Non c’è da stupirsi, in verità, se la gran parte dei media faccia fatica a comprendere la reale portata di talune problematiche. C’è da chiedersi, però, se sia davvero altrettanto faticoso comprendere che la battaglia portata avanti dall’Avvocatura, non solo con riferimento alla mediazione, ma anche in relazione alla indifferenziata soppressione di tutte le sezioni distaccate di tribunale, sia finalizzata alla difesa dei  diritti sostanziali dei cittadini, e di tutti i cittadini. Certo è che  parlare di cittadini appare un po’ anacronistico,dato che, ormai da tempo, politici e governi guardano con attenzione alle esigenze e ai diritti dei “consumatori” ( dimenticando che ,prima d’esser tali, si è parte di un popolo sovrano).D’altro canto la nostra storia di cittadini risulta  essere piuttosto breve (in poco più di 50 anni siamo passati,infatti, dall’esser sudditi al diventare cittadini, per raggiungere, finalmente, lo status beato di consumatori).

In ogni caso, ancora una volta, si deve rilevare che disposizioni in materia di giustizia si rivelano contrastanti con il dettato costituzionale, così come non si può seriamente contestare che gran parte delle più recenti scelte di politica giudiziaria ( dal costante aumento dei contributi unificati alla geografia giudiziaria,dalla media conciliazione obbligatoria all’appello “cassatorio”) non raggiungano seriamente il fine di razionalizzare e riorganizzare la macchina giudiziaria ( sempre che tale fine ci si sia posti), che continua ad andare alla deriva, ma continuano ad appesantire e deviare l’accesso dei cittadini alla Giustizia, palesando un tentativo costante e maldestro di sfrondare una domanda di tutela dei diritti, che non si  riesce a riscontrare( dal che consegue una maggiore facilità di violazione dei diritti stessi), nonché di spostare in parte  verso strutture private la gestione di un potere che per principio costituzionale è demandato allo Stato( che, peraltro,per delega deve gestirlo proprio in nome del Popolo ).

A questo si aggiungano le scelte, di altrettanto dubbia costituzionalità, in materia di geografia giudiziaria, improntate prima ad esigenze di risparmio e solo dopo di  efficienza ( non si comprende, in verità, come possa l’efficienza scaturire dal risparmio tout court peraltro con un indubitabile aumento di costi per i trasferimenti delle sedi soppresse).

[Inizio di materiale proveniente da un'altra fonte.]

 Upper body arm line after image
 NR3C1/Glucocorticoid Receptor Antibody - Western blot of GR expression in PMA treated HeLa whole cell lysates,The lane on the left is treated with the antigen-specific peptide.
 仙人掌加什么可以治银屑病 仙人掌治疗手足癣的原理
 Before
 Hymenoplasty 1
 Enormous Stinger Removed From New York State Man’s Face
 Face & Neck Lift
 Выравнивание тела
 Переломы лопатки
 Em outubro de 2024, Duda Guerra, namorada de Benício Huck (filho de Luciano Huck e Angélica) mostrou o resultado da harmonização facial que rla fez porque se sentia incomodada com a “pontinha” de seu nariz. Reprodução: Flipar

Nel suo comunicato stampa il Ministro della Giustizia, sull’argomento, affermava che la soppressione indiscriminata di tutte le sedi distaccate di tribunale( va da sé che una gran parte risultavano inutili o veri e propri “ doppioni” e che la geografia giudiziaria andasse rivista) conseguiva alle notizie pervenute al Ministero ( sarebbe interessante conoscerne la fonte) secondo le quali  l’esperienza delle stesse sezioni distaccate si era rivelata sostanzialmente fallimentare, stante l’inefficienza e la scarsa professionalità. Ci si chiede : inefficienza e scarsa professionalità di chi? Dei giudici? Del personale di cancelleria che opera spesso con unità sottodimensionate e volutamente mai integrate da chi di dovere?Degli avvocati?

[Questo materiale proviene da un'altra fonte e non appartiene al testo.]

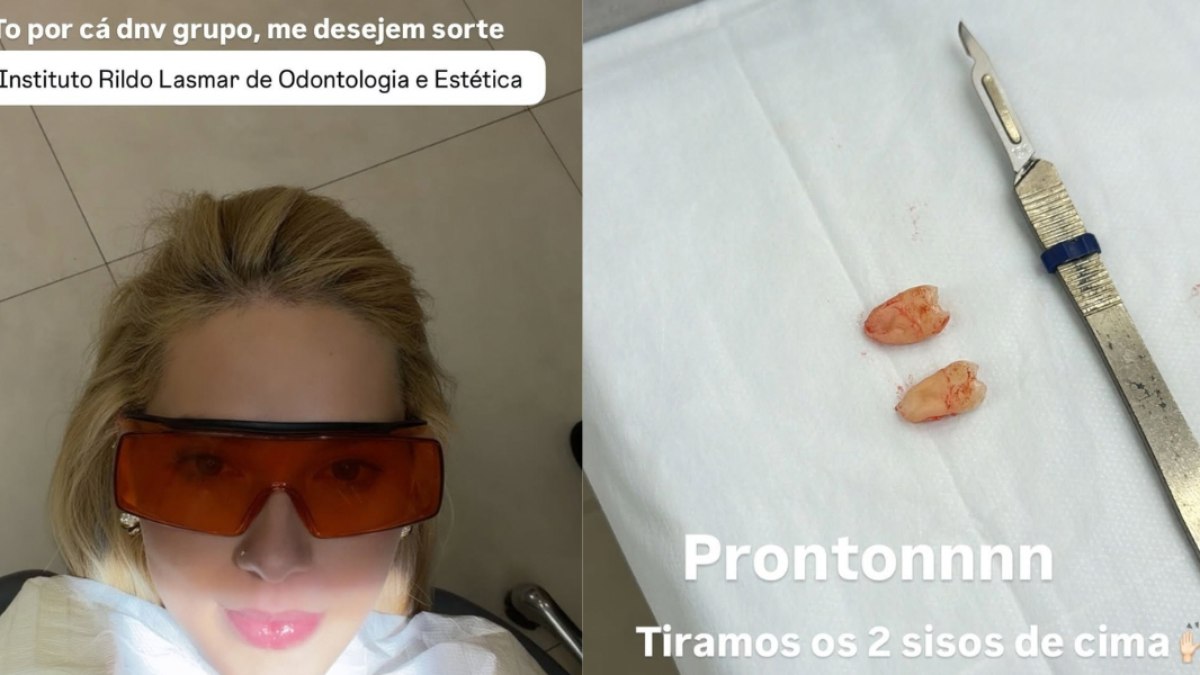 Virginia passa por cirurgia para a retirada dos sisos após sofrer com fortes dores por dois dias. Virginia passa por cirurgia para a retirada dos sisos após sofrer com fortes dores por dois dias.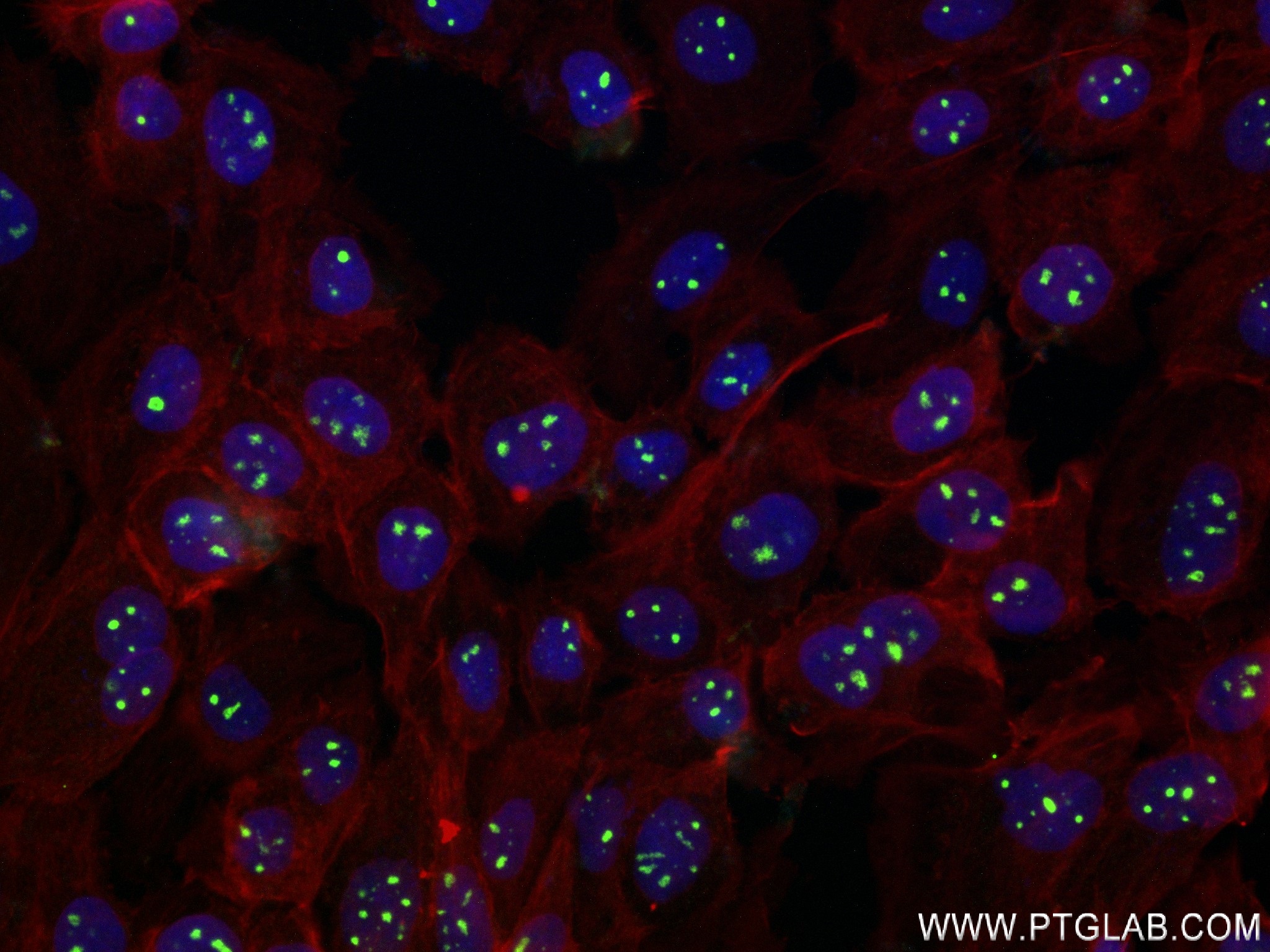 IF Staining of A431 using 84035-3-RR (same clone as 84035-3-PBS)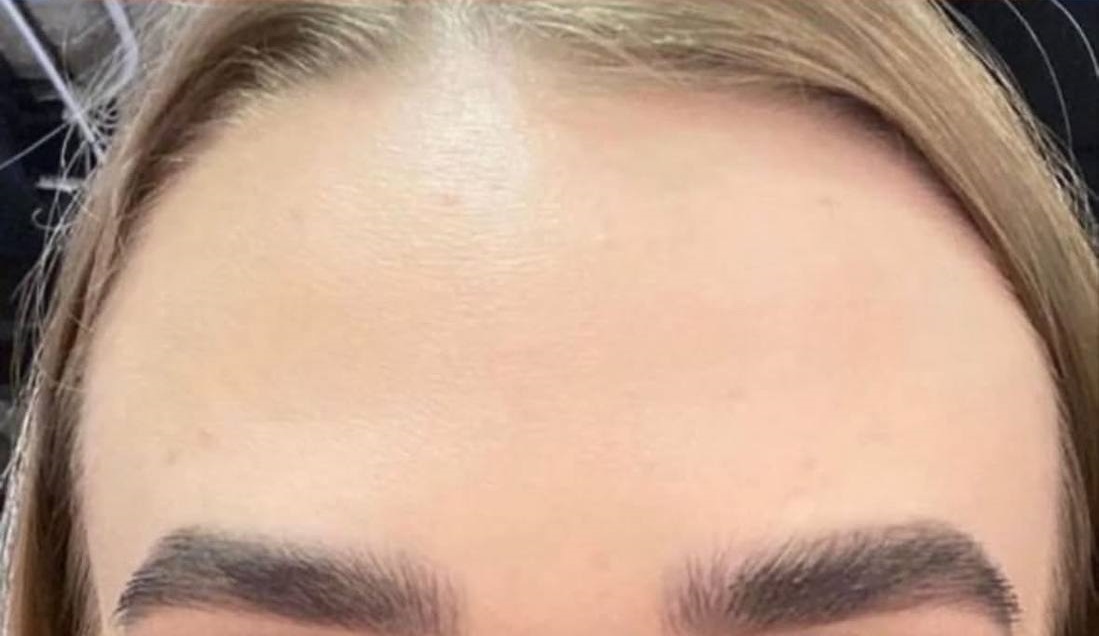 تصویر بعد از درمان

Quanto poi alla professionalità, tale affermazione lascia non poco perplessi, dato che, proprio in materia di mediazione obbligatoria, si era previsto di obbligare avvocati con trentennale esperienza a rivolgersi, per la risoluzione delle controversie, ad un mediatore ( non di rado un geometra, un ragioniere, un perito industriale, con tutto il rispetto, sia ben chiaro, per tali figure professionali), che avendo conseguito la necessaria conoscenza e professionalità a seguito di un corso lampo, avrebbe dovuto mediare e risolvere questioni che gli stessi avvocati, magari per mesi, avevano tentato inutilmente di comporre tra i loro clienti.

La sensazione è che manchi, in realtà, una visione d’insieme delle problematiche della Giustizia e che ci si limiti a seguire quella deleteria logica che, una volta, un professore d’altri tempi definì “ del facile reso difficile mediante l’inutile per l’eterno conseguimento del nulla”.